Statystycznie stać nas na mniej niż w 2008 i 2009 roku. To oznacza, że zatrzymała się pozytywna tendencja wzrostowa, jaką można było obserwować od 1999 roku, gdy co roku było nas stać na więcej wigilijnych koszyków. Wyłomem był tutaj rok 2004, gdy po wejściu do UE mocno skoczyły ceny.
Jak wynika z badań przeprowadzonych przez TNS Pentor na zakup potraw, choinki, itp. wydamy średnio 571 złotych. Co czwarty Polak potwierdził, że niepewna sytuacja gospodarcza negatywnie odbija się na jego portfelu.

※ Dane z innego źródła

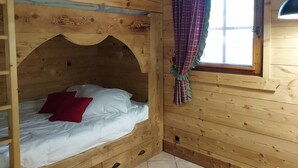 Ein Holzbett mit Etagen, ein rotes Kissen, ein Fenster mit Karomuster-Vorhang und eine Holzbalkendecke.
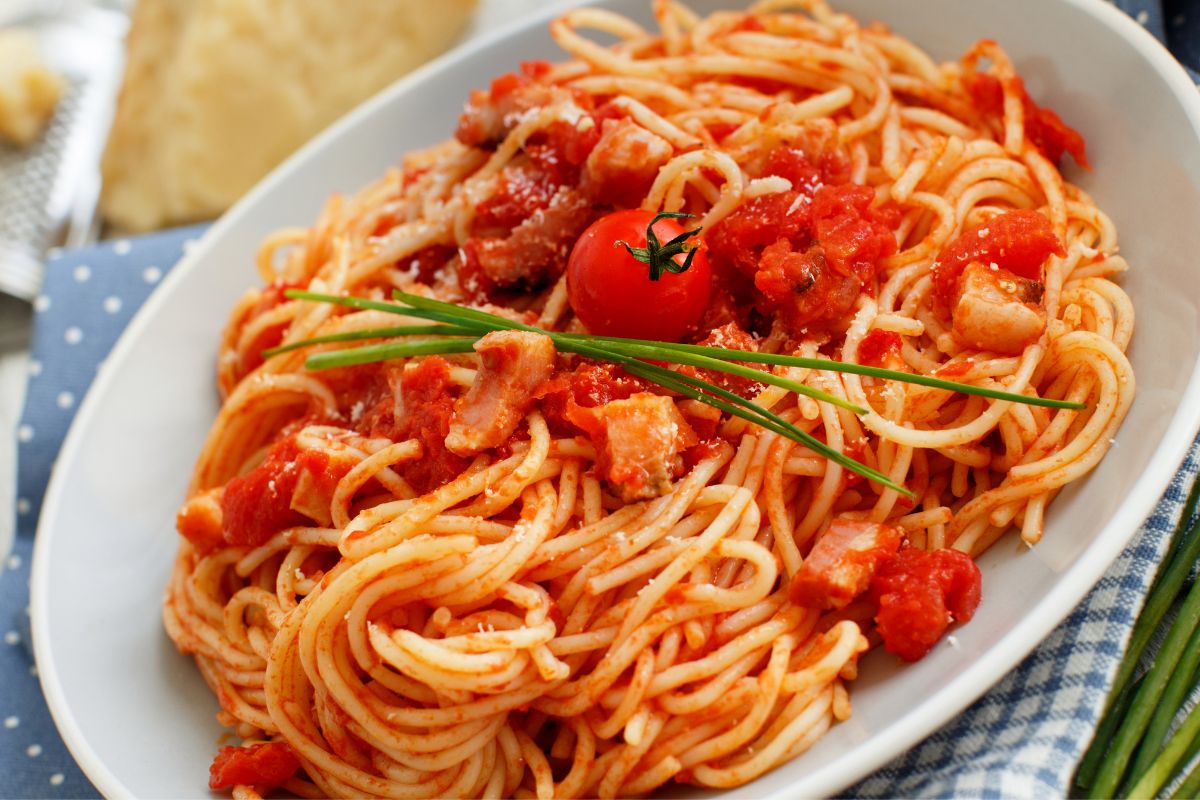 En tallerken med spaghetti all’amatriciana – klassisk italiensk pasta med tomatsaus, sprø guanciale og revet pecorino, pyntet med et lite tomat og gressløk.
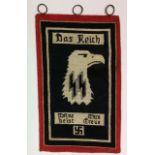 A DAS REICH HEAVY CARPET STYLE MATERIAL TABLE FLAG With three brass hanging loops.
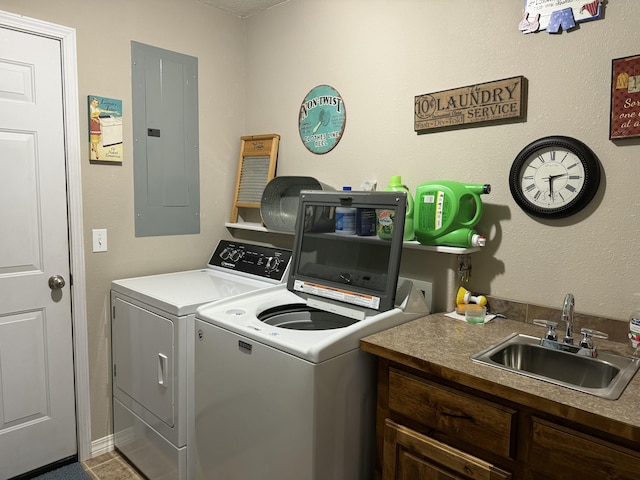 laundry area with electric panel, separate washer and dryer, and sink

Co roku maleje też radość z nadchodzących świąt. W 2000 roku ponad 60 procent bardzo cieszyło się z nadchodzącego Bożego Narodzenia. Obecnie jest to tylko 41 procent ankietowanych.
Mniej karpi za średnią krajową
Mimo wszystko hołdujemy tradycji i nie rezygnujemy z zakupu karpia na wigilijny stół. W tym roku, za przeciętną pensję, kupimy mniej jednokilogramowych ryb niż w latach 2008 - 2010. W zeszłym roku za przeciętną pensję stać nas było na 231 karpi, w tym roku możemy kupić o jedenaście mniej.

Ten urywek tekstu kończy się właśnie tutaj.